▸ **What this task involves**:
A word-for-word transcription of every record is needed.

[Web page caption snippets]
────────────────

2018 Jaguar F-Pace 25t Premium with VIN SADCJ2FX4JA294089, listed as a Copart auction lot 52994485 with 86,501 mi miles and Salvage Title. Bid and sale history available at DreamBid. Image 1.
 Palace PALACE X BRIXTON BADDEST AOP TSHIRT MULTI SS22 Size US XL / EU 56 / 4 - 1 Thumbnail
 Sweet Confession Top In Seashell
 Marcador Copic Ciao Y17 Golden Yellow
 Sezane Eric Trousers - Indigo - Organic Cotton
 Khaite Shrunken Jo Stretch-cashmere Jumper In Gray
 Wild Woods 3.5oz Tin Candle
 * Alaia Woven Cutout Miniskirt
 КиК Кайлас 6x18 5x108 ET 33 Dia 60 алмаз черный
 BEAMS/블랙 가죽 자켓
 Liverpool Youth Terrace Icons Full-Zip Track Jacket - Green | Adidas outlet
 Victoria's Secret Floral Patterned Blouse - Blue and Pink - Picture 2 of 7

────────────────

▸ **Solution to this problem**:
2018 Jaguar F-Pace 25t Premium with VIN SADCJ2FX4JA294089, listed as a Copart auction lot 52994485 with 86,501 mi miles and Salvage Title. Bid and sale history available at DreamBid. Image 1.
 Palace PALACE X BRIXTON BADDEST AOP TSHIRT MULTI SS22 Size US XL / EU 56 / 4 - 1 Thumbnail
 Sweet Confession Top In Seashell
 Marcador Copic Ciao Y17 Golden Yellow
 Sezane Eric Trousers - Indigo - Organic Cotton
 Khaite Shrunken Jo Stretch-cashmere Jumper In Gray
 Wild Woods 3.5oz Tin Candle
 * Alaia Woven Cutout Miniskirt
 КиК Кайлас 6x18 5x108 ET 33 Dia 60 алмаз черный
 BEAMS/블랙 가죽 자켓
 Liverpool Youth Terrace Icons Full-Zip Track Jacket - Green | Adidas outlet
 Victoria's Secret Floral Patterned Blouse - Blue and Pink - Picture 2 of 7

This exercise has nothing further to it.